The blanket impl<T: Any + Send + Sync> Downcastable for T applies to Arc<dyn FileLike> because Arc is Sized + 'static + Send + Sync. Method resolution finds this before auto-derefing through Arc to dyn FileLike.

The fix is explicit deref: (**file).as_any() dispatches through the dyn FileLike vtable to the concrete type's as_any(), returning the actual EpollInstance wrapped in &dyn Any.

This affected every downcast_ref call site in the codebase — epoll, timerfd, and the existing sendmsg/recvmsg SCM_RIGHTS code (which had been silently failing).

Signal Bitmask Off-by-One

waitpid was returning EINTR even though SIGCHLD was blocked via sigprocmask(SIG_BLOCK, ...). The cause: an off-by-one between internal and userspace signal bitmask conventions.

  • Internal signal_pending: 1 << signal (SIGCHLD=17 → bit 17)
  • Userspace sigset_t: 1 << (signal-1) (SIGCHLD=17 → bit 16)

has_pending_signals() compared them directly: pending & !blocked. Bit 17 (pending SIGCHLD) was never masked by bit 16 (blocked SIGCHLD). Fix: align internal representation to userspace convention using 1 << (signal - 1).

socketpair and Timer Overflow

Two simpler fixes: implemented socketpair(AF_UNIX, SOCK_STREAM) by exposing UnixStream::new_pair() (the building block already existed), and fixed a subtract with overflow panic in elapsed_msecs() with saturating_sub.

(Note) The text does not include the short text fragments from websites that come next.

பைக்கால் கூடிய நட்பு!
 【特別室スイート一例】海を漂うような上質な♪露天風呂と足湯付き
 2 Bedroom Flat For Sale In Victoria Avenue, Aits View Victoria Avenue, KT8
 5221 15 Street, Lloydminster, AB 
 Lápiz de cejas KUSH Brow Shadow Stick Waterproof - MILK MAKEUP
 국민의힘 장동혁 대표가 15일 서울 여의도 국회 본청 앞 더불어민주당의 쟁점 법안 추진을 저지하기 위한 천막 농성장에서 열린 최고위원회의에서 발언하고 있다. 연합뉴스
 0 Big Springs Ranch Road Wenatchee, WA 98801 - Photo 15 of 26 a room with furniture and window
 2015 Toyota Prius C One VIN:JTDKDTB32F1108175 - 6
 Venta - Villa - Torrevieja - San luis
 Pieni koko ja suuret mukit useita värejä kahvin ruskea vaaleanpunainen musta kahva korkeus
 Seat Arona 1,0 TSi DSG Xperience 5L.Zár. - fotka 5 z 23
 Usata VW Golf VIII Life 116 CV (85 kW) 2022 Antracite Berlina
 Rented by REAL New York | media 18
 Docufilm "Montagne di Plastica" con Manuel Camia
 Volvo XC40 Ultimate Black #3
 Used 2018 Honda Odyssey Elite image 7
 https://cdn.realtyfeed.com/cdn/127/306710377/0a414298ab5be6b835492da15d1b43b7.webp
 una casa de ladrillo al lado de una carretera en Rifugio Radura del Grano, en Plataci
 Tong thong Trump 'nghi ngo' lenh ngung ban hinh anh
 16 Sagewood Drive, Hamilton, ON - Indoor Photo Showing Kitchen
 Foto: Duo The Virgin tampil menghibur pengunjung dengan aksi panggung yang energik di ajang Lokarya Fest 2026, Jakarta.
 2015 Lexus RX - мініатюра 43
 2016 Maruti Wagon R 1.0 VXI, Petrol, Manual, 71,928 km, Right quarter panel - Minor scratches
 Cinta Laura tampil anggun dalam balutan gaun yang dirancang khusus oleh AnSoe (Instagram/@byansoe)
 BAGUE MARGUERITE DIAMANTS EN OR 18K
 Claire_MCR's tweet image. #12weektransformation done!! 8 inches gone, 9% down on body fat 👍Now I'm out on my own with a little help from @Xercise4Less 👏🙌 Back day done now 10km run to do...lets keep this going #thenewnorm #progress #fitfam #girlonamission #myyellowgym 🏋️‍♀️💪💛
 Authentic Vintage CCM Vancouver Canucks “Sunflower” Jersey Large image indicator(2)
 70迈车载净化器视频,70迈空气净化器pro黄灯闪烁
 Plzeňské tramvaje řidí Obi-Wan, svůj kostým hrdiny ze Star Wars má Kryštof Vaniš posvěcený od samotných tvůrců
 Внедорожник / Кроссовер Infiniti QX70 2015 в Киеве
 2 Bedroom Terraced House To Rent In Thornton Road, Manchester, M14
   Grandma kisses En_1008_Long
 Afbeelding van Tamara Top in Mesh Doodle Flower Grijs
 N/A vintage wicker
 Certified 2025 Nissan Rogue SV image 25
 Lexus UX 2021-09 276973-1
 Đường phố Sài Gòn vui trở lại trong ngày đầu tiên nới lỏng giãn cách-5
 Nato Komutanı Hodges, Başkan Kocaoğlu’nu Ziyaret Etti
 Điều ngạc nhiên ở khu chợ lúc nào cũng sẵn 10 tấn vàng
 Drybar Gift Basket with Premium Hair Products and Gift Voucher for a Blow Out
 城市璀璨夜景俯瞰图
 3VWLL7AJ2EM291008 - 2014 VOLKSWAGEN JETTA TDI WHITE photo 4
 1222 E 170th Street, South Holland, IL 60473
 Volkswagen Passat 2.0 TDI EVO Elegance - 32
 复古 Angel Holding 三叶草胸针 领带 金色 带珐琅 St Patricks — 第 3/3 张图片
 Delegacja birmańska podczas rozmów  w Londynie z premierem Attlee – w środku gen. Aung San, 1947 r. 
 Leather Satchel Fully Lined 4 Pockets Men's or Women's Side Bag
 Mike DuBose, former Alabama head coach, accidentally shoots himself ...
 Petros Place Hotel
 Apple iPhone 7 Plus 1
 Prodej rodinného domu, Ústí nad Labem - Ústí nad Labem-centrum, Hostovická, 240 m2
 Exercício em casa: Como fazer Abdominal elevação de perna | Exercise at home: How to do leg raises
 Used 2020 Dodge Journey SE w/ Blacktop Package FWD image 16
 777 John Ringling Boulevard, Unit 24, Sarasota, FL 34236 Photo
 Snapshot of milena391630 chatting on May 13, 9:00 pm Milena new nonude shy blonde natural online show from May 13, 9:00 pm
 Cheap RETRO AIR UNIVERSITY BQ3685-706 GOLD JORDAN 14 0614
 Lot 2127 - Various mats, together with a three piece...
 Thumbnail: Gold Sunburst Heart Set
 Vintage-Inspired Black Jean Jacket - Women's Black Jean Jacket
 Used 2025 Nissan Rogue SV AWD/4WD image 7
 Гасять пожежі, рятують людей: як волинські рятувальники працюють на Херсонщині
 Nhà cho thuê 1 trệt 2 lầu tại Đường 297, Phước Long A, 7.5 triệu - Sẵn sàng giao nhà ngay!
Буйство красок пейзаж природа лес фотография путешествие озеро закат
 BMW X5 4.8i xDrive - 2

mini_systemd: 15 Tests, All Green

The integration test exercises the same codepaths as systemd PID 1 initialization:

TestWhat it exercises
mount_proc, mount_meminfo, mount_mounts/proc filesystem
prctl_name, prctl_subreaperPR_SET_NAME, PR_SET_CHILD_SUBREAPER
capabilitiescapget with v3 protocol
uid_gidgetuid/geteuid/getgid/getegid
epoll_createepoll_create1(EPOLL_CLOEXEC)
signalfdsignalfd4 + epoll_ctl
timerfdtimerfd_create + timerfd_settime + epoll_ctl
eventfdeventfd2 + write + epoll_ctl
unix_socketsocketpair + write + read
fork_execfork + _exit(42) + waitpid
epoll_eventfd, epoll_timerfdIntegrated epoll_wait loop

All 15 tests pass under KVM. M4 is complete.